If you were on the internet in December 2017, you likely encountered Kristen Roupenian’s short story “Cat Person” and the conversation which surrounded it. The story concerns a young female college student who sleeps with an older man; when she attempts to end their relationship, his behavior turns toxic. In the midst of the #MeToo movement, this led to heated debates regarding which of the two characters was at fault and whether the woman in the story was experiencing a standard scenario for women in modern America. Perhaps the most interesting response to the story was a phenomenon in which some people—mostly men—interpreted it as a non-fiction account of Roupenian’s personal experiences, despite the prominent text at the top of the New Yorker page which declared it FICTION in no uncertain terms. You can probably guess why.

I bring this up because Ocean Vuong’s debut novel, On Earth We’re Briefly Gorgeous, has a deceptive quality which brought “Cat Person” to mind; more than once while reading it, I had to remind myself that it was a novel and not a memoir. Even a brief glance at Vuong’s life story will make it clear that there are elements of autobiography in On Earth We’re Briefly Gorgeous, but it’s still fiction at the end of the day. The deceptiveness doesn’t stem from similarities between Vuong’s life and the life of the novel’s narrator, Little Dog, however—it stems from Vuong’s uncanny ability to split your soul with his utterly convincing characters.
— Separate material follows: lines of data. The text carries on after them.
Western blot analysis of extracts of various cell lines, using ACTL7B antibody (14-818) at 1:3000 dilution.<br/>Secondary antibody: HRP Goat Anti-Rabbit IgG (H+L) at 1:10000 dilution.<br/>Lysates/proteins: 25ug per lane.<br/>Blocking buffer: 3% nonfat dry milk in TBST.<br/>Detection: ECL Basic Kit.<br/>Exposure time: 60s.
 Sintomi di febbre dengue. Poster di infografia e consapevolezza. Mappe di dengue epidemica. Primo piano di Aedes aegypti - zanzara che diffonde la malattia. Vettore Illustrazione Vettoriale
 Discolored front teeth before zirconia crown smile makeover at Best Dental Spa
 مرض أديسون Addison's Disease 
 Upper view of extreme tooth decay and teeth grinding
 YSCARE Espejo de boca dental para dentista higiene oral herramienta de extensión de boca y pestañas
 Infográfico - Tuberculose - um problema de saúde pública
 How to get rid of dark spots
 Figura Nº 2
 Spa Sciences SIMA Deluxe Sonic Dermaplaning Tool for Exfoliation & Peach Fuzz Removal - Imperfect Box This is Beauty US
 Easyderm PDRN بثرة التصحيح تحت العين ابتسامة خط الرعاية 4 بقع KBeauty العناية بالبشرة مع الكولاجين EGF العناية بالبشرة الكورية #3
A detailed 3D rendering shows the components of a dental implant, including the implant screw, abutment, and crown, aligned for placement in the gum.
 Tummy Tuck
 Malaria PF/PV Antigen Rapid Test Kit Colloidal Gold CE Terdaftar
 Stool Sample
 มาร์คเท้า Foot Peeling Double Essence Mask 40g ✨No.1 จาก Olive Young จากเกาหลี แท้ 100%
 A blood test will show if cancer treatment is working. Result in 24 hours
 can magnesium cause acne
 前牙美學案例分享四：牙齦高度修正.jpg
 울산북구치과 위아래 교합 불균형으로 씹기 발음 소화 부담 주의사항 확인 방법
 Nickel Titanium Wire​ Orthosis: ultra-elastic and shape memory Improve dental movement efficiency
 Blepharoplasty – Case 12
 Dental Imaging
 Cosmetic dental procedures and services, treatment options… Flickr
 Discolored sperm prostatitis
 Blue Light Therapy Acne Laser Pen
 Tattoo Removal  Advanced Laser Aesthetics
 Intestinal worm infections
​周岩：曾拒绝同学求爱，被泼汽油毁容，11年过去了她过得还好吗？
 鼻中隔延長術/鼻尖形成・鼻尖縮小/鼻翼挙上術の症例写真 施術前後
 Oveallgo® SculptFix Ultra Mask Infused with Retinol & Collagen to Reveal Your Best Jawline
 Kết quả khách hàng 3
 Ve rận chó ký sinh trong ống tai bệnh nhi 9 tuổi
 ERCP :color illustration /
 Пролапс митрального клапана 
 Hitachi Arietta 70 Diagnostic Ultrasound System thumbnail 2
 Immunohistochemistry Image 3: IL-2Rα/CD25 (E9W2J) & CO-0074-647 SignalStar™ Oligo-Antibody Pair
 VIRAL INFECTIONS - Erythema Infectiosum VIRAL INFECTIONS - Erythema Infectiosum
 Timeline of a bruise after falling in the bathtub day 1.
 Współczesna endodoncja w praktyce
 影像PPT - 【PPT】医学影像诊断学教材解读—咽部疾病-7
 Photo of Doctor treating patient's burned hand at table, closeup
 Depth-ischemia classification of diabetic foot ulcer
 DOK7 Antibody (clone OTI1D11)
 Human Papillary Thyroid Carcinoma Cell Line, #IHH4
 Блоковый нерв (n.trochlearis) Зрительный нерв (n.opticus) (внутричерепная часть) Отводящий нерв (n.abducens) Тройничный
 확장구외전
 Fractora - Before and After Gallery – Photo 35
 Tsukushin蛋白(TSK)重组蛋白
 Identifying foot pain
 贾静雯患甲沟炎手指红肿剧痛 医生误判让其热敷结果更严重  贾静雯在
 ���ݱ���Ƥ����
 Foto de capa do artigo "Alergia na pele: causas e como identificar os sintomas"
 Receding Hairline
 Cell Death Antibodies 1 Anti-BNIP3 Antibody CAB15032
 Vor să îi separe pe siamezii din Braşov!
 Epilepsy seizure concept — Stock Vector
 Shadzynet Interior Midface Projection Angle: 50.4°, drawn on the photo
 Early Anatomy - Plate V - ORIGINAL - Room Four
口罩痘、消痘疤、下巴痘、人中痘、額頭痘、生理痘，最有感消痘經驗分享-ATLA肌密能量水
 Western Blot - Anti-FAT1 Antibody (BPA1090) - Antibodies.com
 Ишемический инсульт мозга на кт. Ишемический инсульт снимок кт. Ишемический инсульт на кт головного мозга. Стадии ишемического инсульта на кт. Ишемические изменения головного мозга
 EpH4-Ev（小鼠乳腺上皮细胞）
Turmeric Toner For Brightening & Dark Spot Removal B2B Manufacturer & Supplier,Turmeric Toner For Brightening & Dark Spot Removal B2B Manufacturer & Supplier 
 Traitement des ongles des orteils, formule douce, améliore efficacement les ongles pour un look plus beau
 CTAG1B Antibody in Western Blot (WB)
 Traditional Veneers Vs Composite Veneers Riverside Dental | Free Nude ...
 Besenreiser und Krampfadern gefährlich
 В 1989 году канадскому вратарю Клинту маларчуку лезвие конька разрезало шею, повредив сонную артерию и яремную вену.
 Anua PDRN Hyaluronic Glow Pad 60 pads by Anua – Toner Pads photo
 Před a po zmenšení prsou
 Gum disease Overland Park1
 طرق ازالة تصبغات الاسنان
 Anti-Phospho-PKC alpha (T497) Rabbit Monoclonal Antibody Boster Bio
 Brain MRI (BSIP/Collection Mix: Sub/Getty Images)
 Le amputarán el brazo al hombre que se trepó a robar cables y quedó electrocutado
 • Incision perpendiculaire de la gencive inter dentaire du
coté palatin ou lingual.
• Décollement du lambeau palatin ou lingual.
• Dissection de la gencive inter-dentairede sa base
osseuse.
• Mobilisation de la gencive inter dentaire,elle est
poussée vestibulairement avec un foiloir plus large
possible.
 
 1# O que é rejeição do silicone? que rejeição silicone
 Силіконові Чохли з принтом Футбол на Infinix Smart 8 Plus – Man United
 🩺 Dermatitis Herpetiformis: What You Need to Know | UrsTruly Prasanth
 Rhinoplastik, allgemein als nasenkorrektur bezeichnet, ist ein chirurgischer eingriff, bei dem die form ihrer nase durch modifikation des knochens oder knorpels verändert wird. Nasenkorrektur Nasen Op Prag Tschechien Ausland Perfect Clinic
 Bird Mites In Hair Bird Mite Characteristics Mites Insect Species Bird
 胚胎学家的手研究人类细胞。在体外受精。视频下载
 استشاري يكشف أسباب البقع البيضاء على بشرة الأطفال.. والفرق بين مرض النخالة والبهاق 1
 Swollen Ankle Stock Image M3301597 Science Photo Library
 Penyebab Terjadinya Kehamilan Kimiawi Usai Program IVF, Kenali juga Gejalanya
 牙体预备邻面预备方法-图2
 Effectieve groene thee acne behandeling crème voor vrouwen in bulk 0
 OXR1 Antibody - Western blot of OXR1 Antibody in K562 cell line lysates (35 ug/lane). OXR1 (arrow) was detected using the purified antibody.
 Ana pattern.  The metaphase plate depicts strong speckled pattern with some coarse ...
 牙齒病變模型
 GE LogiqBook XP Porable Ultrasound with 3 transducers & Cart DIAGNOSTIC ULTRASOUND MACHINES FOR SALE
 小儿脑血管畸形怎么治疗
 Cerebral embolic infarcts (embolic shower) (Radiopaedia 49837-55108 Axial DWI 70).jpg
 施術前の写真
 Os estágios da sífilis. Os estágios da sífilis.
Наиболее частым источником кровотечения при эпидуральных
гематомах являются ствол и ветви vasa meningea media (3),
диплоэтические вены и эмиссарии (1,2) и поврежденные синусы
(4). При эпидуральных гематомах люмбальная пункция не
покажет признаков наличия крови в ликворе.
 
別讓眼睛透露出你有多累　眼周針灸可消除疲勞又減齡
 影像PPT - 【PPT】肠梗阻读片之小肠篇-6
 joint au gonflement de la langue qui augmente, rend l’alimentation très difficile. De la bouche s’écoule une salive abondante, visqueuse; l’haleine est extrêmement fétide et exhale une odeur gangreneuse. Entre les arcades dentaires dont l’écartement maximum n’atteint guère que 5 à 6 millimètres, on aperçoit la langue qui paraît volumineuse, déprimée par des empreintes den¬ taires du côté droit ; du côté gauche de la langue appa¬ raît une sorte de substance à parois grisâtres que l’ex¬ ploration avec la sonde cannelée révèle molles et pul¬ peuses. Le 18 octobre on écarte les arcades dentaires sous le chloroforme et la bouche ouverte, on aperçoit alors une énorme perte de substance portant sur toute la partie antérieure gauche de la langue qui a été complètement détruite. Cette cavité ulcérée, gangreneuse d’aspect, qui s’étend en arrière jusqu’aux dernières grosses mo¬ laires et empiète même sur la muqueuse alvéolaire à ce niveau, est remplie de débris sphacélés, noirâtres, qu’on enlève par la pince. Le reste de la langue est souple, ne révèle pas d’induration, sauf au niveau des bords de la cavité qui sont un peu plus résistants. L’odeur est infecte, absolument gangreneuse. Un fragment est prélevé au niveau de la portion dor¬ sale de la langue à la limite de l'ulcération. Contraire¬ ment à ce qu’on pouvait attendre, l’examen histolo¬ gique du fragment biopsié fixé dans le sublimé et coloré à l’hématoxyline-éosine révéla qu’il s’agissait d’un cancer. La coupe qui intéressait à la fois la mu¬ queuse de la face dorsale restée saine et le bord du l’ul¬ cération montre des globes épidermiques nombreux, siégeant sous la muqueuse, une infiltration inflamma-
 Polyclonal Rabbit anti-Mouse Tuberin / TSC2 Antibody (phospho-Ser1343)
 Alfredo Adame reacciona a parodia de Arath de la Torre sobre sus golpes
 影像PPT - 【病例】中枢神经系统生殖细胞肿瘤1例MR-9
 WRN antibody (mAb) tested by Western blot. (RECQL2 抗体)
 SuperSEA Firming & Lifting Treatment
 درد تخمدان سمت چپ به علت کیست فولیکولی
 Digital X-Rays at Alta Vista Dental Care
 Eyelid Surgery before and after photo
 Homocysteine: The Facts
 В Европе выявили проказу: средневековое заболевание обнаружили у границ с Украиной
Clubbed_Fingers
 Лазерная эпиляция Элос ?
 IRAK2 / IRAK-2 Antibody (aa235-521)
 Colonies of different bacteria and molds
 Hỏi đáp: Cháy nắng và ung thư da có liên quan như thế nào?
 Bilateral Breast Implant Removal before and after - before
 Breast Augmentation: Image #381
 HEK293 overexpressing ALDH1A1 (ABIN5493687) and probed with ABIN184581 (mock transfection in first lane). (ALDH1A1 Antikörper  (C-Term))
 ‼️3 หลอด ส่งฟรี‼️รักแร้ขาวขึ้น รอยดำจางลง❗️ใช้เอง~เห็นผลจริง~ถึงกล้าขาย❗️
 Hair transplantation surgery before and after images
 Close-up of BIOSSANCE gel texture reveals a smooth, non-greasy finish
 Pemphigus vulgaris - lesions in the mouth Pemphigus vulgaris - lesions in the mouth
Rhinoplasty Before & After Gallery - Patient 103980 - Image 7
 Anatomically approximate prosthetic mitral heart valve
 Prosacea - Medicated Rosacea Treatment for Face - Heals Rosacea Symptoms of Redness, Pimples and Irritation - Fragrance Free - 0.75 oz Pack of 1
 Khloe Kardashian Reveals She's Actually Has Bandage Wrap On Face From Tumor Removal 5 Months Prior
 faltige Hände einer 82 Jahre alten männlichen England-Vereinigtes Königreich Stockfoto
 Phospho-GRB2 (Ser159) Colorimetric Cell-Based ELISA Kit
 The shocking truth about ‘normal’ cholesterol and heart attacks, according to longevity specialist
Nothing in On Earth We’re Briefly Gorgeous feels false. Vuong is a poet, and it shows: his prose is liquid, hypnotic, dreamlike, and it somehow never becomes purple. And his characters feel ripped from real life, fully dimensional from the first word. I don’t even know how to speak about his work in anything other than superlatives—Vuong, who is only thirty years old(!), is, quite simply, one of the finest and most mature writers I have ever had the pleasure to read.

It feels reductive to even address what On Earth We’re Briefly Gorgeous is about, because it could be about a plastic bag lying in a parking lot and Vuong would probably transform it into a heartbreaking meditation on the nature of humanity, but just so we’re all on the same page: On Earth We’re Briefly Gorgeous is an epistolary novel about Little Dog, a gay Vietnamese immigrant who is writing to his illiterate, abusive mother about his experiences growing up in America. As that description should indicate, this is not a light read. If you are sensitive to depictions of abuse (including animal abuse), addiction, or homophobia, please tread carefully.

Sometimes, I read a book and I want to review it so I can (hopefully) convince others to read it. Other times, I just want to purchase dozens of copies, hand them out to everyone who passes by, and say, “Trust me.” On Earth We’re Briefly Gorgeous is one of those books. Trust me.